The new A100 is being compared against the V100, which is based on the Volta GPU architecture. NVIDIA's current-gen Tesla V100 comes with 16GB and 32GB HBM2 options, while the V100 was built on the 12nm node at TSMC it packs just 21 billion transistors in comparison.
There's some incredible things going on under the Ampere hood, with NVIDIA able to offer the largest leap in performance yet: 20x. The new A100 GPU is 20x faster than the V100, with peak FP32 training of 312 TFLOPs, peak Int8 inference of 1248 TOPs, and FP64 HPC of 19.5 TFLOPs.
NVIDIA founder and CEO Jensen Huang, explains: "The powerful trends of cloud computing and AI are driving a tectonic shift in data center designs so that what was once a sea of CPU-only servers is now GPU-accelerated computing. NVIDIA A100 GPU is a 20x AI performance leap and an end-to-end machine learning accelerator -- from data analytics to training to inference. For the first time, scale-up and scale-out workloads can be accelerated on one platform. NVIDIA A100 will simultaneously boost throughput and drive down the cost of data centers".
NVIDIA explains its new Ampere A100 GPU as a "technical design breakthrough field by five key innovations". These innovations include:
- Ampere architecture: At the heart of A100 is the NVIDIA Ampere GPU architecture, which contains more than 54 billion transistors, making it the world's largest 7-nanometer processor.

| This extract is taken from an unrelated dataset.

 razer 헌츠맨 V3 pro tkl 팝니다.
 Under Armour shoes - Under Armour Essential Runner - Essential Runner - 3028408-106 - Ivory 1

- Third-generation Tensor Cores with TF32: NVIDIA's widely adopted Tensor Cores are now more flexible, faster and easier to use. Their expanded capabilities include new TF32 for AI, which allows for up to 20x the AI performance of FP32 precision, without any code changes. In addition, Tensor Cores now support FP64, delivering up to 2.5x more compute than the previous generation for HPC applications.

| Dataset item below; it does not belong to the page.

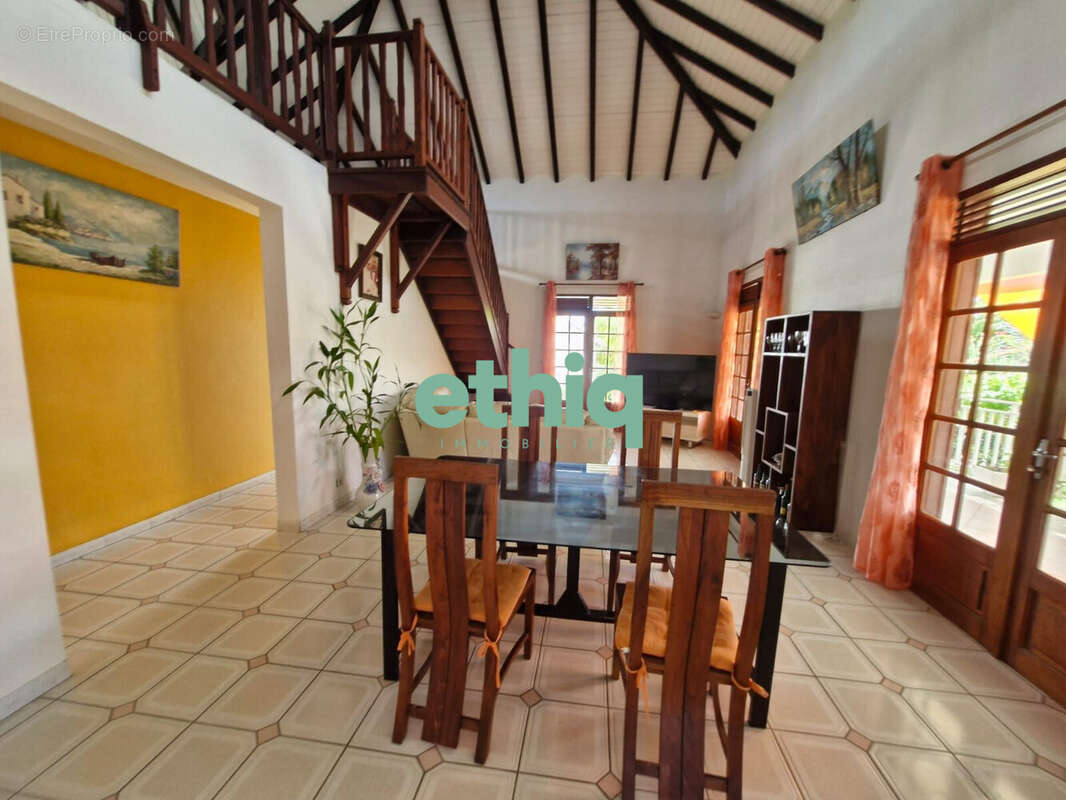 Maison à SAINT-FRANCOIS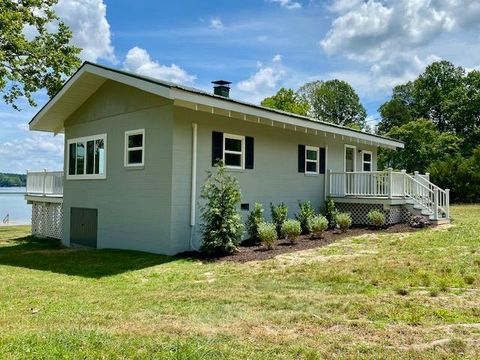 A home in LOUISA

- Multi-instance GPU: MIG, a new technical feature, enables a single A100 GPU to be partitioned into as many as seven separate GPUs so it can deliver varying degrees of compute for jobs of different sizes, providing optimal utilization and maximizing return on investment.
- Third-generation NVIDIA NVLink: Doubles the high-speed connectivity between GPUs to provide efficient performance scaling in a server.
- Structural sparsity: This new efficiency technique harnesses the inherently sparse nature of AI math to double performance.
NVIDIA Ampere A100 specs:
- Transistors: 54 billion
- CUDA cores: 6912
- Double-precision performance: 7.8 TFLOPs
- Single-precision performance: 15.7 TFLOPs
- Tensor Performance: 125 TFLOPs
- Node: 7nm TSMC
- Memory: 40GB HBM2e
- Memory bus: 6144-bit
- Memory bandwidth: 1.6TB/sec
- Tensor Cores: 1024 3rd Gen
- Interface: PCIe 4.0 x16
- TDP: 400W
NVIDIA Volta V100 (SXM2) specs:
- Transistors: 21.1 billion
- CUDA cores: 5120
- Double-precision performance: 7.8 TFLOPs
- Single-precision performance: 15.7 TFLOPs
- Tensor Performance: 125 TFLOPs
- Node: 12nm TSMC
- Memory: 16/32GB HBM2
- Memory bus: 4096-bit
- Memory bandwidth: 900GB/sec
- Tensor Cores: 640 (1st Gen)
- Interface: PCIe 3.0 x16
- TDP: 250-300W